La Revolución Francesa de 1789 representa sin duda un momento histórico crucial para entender el sistema político y social en el cual nos encontramos hoy. No por nada una multitud de políticos se dicen admiradores o seguidores de un proceso que marcó el fin de la monarquía y el inicio del sistema político actual, el gobierno representativo.

Con la declaración de la Presidenta Bachelet de una renuncia parcial a sus promesas programáticas frente al negativo panorama económico, se ha ido imponiendo la idea de que  el gobierno debe mantener una política seria y evitar caer en el populismo. Más que seriedad parece que la Nueva Mayoría ha dado la espalda a los problemas actuales.

No existe ninguna medida que plantee seriamente impedir todos los casos de corrupción que han aparecido en la política nacional, desde el caso Caval hasta el financiamiento de campañas políticas. Más bien, los parlamentarios reafirman el aporte privado a los partidos políticos. En resumen, debemos entender que es muy natural que se entreguen desinteresadamente sumas millonarias a políticos que después votarán neutralmente las leyes, sin duda un claro ejemplo de caridad cristiana.

De manera paralela, los parlamentarios se niegan a reducir sus “dietas” mientras realizan un exiguo aumento del salario mínimo, que en nada modificó la capacidad adquisitiva del 24,5% de los trabajadores chilenos como lo expone la Fundación Sol.
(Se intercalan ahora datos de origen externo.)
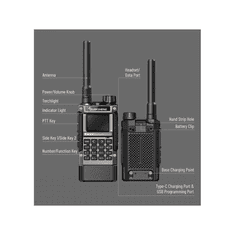 Quansheng Quansheng UV-K1 transmiter (8), 5W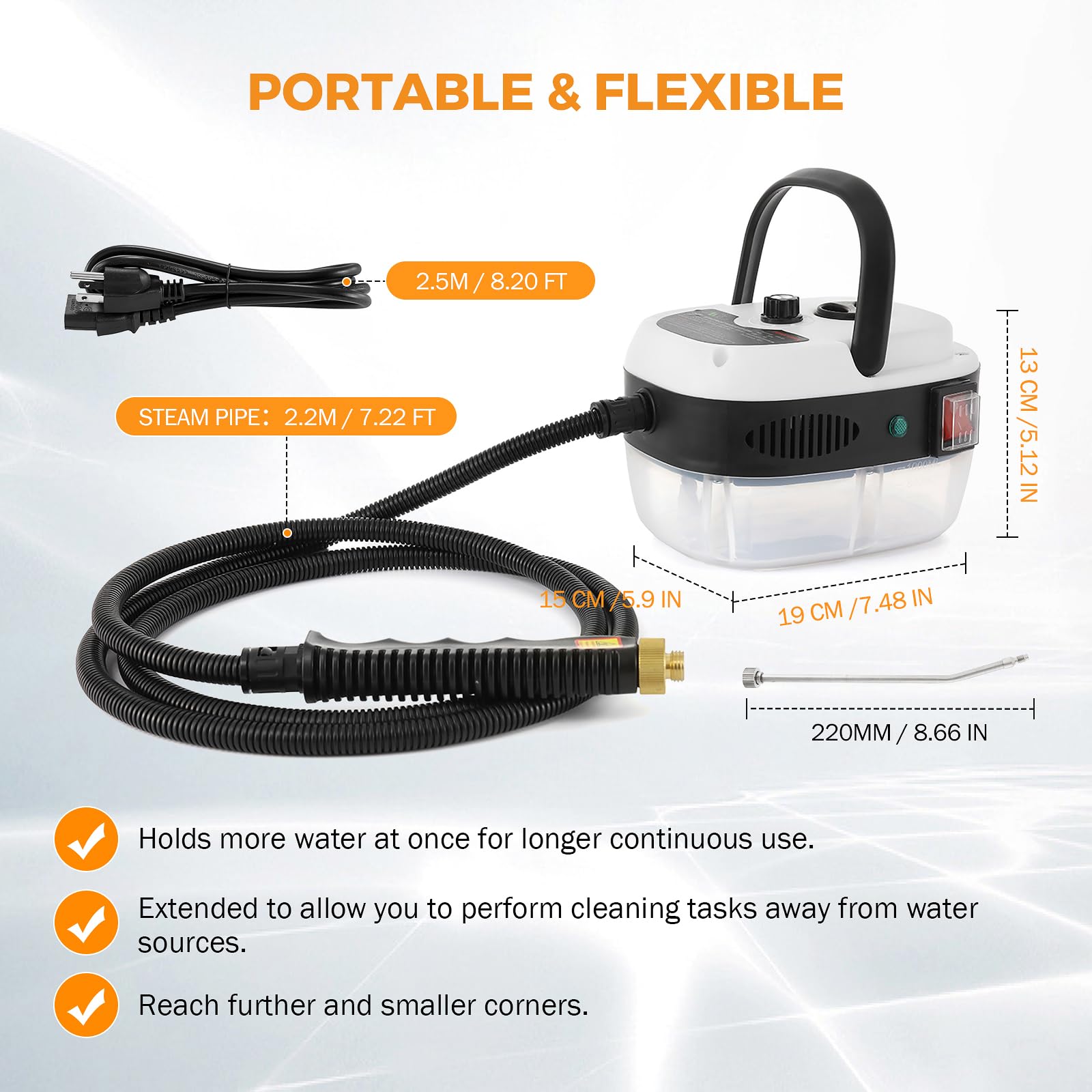 BEAMNOVA High Pressure Handheld Steam Cleaner for Cars - Portable Electric Steam Cleaning Machine with Water Tank | Auto Detailing, Home Use, Kitchen & Floor Cleaning Tool | Perfect for Car Interiors, Upholstery & Household Surfaces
Parece que la “vocación de servicio público” no es en ningún caso desinteresada porque, como muy bien decía el Presidente Rajoy, en relación con la deuda griega: “Todos queremos ser solidarios, pero ser solidarios a cambio de nada es otra cosa”.

Muchos se  acordarán de la famosa frase de George Orwell en Rebelión en la granja: “Todos los animales son iguales, pero algunos animales lo son más que otros”. Debemos recordar que este libro y esta frase son una sátira de la Revolución soviética y el posterior gobierno de Stalin. Mucho menos son los que se acuerdan de una frase similar en un contexto mucho menos humorístico, la Declaración de los Derechos del Hombre y del Ciudadano de 1789. En su primer artículo se puede leer, a continuación de la famosa frase “Los hombres nacen y permanecen libres e iguales en derechos”, la menos conocida: “Las distinciones sociales sólo pueden fundarse en la utilidad común”.

La mayoría de esos “revolucionarios” tenían como objetivo acabar con el monopolio del poder por los detentores de la riqueza inmobiliaria, es decir, la nobleza y la Iglesia que poseían tierras y construcciones, para extenderlo a una nueva clase emergente que poseía la riqueza mobiliaria, vale decir, la burguesía que había hecho su fortuna con los negocios. Pero en ningún caso los derechos que deseaban para su clase social debían ser extendidos a toda la población, pues su riqueza se basaba en los escasos recursos que inversamente percibía la mayoría de la población.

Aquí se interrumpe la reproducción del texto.